▶ **The task**
Return the tail of the records exactly, starting from the line containing "this 340×255 image." and ending with the final line.

▶ **Input data**
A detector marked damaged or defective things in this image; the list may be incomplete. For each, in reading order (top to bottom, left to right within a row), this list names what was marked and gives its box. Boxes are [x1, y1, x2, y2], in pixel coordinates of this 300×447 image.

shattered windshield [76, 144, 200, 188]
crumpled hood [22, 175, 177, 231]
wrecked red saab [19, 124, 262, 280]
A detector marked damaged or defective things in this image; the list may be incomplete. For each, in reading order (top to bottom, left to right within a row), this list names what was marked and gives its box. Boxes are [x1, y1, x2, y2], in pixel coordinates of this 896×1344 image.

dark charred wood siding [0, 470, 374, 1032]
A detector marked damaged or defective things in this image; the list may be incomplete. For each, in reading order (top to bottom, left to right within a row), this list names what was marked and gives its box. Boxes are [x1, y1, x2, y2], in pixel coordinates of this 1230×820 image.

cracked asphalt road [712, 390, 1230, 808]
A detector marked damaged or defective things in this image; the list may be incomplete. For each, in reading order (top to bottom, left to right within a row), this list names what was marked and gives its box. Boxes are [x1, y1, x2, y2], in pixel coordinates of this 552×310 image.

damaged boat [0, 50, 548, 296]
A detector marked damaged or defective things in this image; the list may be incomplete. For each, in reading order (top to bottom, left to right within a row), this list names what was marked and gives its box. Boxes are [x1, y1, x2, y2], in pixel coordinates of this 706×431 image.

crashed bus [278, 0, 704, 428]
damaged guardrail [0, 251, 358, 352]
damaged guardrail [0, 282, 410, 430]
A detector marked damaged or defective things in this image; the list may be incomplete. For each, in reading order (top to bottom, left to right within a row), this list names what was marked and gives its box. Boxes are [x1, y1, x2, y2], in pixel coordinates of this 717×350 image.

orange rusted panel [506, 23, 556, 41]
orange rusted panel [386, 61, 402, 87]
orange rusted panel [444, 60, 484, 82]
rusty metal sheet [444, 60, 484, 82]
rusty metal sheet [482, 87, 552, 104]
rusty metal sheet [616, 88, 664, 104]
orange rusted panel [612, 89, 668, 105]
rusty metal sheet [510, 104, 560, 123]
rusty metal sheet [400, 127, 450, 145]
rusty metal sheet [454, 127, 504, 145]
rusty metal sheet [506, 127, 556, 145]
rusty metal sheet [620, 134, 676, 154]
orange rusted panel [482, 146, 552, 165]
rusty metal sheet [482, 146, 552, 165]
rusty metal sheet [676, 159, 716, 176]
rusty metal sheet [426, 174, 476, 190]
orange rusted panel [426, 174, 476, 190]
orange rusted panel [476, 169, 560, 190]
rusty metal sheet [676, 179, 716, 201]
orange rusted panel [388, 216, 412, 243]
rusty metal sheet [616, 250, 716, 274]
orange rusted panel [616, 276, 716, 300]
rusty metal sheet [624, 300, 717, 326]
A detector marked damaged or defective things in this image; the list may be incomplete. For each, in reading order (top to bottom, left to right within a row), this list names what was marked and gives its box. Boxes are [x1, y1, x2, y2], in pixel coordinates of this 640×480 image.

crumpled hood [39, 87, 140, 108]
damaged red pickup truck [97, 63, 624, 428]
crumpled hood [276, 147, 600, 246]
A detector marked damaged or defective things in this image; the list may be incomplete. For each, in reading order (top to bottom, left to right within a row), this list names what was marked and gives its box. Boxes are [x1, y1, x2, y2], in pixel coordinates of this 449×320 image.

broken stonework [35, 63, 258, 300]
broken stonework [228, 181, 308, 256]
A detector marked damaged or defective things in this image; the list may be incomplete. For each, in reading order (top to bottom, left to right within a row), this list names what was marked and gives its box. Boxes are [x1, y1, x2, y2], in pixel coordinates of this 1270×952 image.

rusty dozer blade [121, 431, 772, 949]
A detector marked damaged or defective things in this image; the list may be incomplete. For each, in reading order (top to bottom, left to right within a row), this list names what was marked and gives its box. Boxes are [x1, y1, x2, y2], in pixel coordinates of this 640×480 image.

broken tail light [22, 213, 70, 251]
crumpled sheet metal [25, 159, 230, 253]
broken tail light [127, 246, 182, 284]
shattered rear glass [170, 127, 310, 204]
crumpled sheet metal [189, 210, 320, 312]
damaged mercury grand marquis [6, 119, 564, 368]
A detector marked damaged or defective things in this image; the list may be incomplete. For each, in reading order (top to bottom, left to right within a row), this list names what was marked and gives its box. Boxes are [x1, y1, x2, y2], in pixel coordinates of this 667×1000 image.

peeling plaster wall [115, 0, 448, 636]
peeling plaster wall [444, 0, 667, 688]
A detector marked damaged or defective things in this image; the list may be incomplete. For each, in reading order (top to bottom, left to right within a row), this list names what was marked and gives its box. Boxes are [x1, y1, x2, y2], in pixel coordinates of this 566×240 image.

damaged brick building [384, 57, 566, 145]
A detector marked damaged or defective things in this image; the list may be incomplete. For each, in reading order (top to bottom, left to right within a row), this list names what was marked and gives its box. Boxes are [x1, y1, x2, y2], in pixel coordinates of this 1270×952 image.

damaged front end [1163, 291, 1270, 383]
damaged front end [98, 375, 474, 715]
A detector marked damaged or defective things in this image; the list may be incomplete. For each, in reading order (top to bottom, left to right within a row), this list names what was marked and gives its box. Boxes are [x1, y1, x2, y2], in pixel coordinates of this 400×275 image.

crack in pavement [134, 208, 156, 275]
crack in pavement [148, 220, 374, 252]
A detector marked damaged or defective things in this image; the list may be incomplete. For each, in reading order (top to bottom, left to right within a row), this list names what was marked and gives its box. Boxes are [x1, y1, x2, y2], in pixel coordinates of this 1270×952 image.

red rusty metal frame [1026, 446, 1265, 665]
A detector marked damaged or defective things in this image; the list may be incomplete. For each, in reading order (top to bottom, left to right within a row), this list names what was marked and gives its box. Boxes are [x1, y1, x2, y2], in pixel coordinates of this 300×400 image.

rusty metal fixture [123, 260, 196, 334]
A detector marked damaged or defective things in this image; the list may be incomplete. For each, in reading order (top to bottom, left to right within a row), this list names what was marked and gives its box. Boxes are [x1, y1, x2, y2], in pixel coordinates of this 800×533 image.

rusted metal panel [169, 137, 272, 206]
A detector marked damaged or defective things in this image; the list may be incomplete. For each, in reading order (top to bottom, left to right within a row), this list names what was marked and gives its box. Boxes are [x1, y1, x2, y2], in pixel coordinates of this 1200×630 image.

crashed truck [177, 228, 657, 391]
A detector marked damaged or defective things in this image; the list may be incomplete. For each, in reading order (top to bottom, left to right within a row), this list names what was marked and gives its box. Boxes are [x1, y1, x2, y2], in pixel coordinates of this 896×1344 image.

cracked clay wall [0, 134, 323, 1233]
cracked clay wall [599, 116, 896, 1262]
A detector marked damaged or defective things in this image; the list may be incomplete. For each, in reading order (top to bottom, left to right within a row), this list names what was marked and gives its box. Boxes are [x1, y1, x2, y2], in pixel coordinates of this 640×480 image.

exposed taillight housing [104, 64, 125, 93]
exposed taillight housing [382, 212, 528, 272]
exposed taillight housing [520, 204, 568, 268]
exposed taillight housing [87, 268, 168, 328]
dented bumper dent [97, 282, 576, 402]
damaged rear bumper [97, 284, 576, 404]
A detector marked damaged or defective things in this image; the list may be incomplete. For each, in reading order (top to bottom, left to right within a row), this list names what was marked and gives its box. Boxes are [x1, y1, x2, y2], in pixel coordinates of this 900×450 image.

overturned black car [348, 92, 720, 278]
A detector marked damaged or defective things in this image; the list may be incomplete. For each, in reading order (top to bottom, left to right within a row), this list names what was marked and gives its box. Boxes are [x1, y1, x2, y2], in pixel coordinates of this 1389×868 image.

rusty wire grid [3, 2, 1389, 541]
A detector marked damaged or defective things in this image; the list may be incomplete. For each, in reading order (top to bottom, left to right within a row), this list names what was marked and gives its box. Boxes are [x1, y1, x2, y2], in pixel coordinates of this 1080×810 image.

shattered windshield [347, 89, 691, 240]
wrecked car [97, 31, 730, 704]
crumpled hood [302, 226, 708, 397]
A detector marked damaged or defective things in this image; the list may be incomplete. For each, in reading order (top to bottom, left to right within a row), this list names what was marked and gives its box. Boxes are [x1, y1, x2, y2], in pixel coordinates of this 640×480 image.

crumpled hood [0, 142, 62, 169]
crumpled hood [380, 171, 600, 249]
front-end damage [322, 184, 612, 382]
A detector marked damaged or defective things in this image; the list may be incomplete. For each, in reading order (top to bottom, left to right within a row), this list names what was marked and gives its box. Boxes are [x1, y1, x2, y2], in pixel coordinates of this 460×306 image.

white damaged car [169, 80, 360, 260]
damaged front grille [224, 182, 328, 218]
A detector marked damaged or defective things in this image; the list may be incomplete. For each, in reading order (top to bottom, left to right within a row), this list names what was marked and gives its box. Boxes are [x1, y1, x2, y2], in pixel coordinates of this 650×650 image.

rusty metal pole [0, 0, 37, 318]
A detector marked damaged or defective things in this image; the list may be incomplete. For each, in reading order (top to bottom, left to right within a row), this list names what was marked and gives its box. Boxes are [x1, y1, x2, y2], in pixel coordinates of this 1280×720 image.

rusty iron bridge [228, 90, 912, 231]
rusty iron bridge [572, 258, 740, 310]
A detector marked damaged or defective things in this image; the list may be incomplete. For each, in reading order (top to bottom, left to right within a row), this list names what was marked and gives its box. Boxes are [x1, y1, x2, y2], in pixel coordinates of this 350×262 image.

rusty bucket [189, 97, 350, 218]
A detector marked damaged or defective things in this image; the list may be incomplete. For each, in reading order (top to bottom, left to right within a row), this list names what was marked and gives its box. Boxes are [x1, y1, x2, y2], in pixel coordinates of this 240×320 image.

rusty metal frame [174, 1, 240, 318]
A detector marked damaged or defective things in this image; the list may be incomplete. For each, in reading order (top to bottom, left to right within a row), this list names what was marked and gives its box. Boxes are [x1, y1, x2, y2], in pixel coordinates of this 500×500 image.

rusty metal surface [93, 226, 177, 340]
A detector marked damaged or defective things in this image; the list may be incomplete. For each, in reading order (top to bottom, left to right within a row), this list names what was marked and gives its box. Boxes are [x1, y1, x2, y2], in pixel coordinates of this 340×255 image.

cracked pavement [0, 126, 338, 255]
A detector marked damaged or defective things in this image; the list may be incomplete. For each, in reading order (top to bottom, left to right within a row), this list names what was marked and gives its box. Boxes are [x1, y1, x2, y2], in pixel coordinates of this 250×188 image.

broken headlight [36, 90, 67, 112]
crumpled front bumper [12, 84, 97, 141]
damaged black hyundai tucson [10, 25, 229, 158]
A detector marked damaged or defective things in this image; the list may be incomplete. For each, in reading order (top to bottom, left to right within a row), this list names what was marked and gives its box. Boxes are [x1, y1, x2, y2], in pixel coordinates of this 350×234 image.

▶ **Completed task**
A detector marked damaged or defective things in this image; the list may be incomplete. For each, in reading order (top to bottom, left to right within a row), this list names what was marked and gives its box. Boxes are [x1, y1, x2, y2], in pixel coordinates of this 340×255 image.

cracked pavement [0, 126, 338, 255]
A detector marked damaged or defective things in this image; the list may be incomplete. For each, in reading order (top to bottom, left to right within a row), this list names what was marked and gives its box. Boxes are [x1, y1, x2, y2], in pixel coordinates of this 250×188 image.

broken headlight [36, 90, 67, 112]
crumpled front bumper [12, 84, 97, 141]
damaged black hyundai tucson [10, 25, 229, 158]
A detector marked damaged or defective things in this image; the list may be incomplete. For each, in reading order (top to bottom, left to right within a row), this list names what was marked and gives its box. Boxes are [x1, y1, x2, y2], in pixel coordinates of this 350×234 image.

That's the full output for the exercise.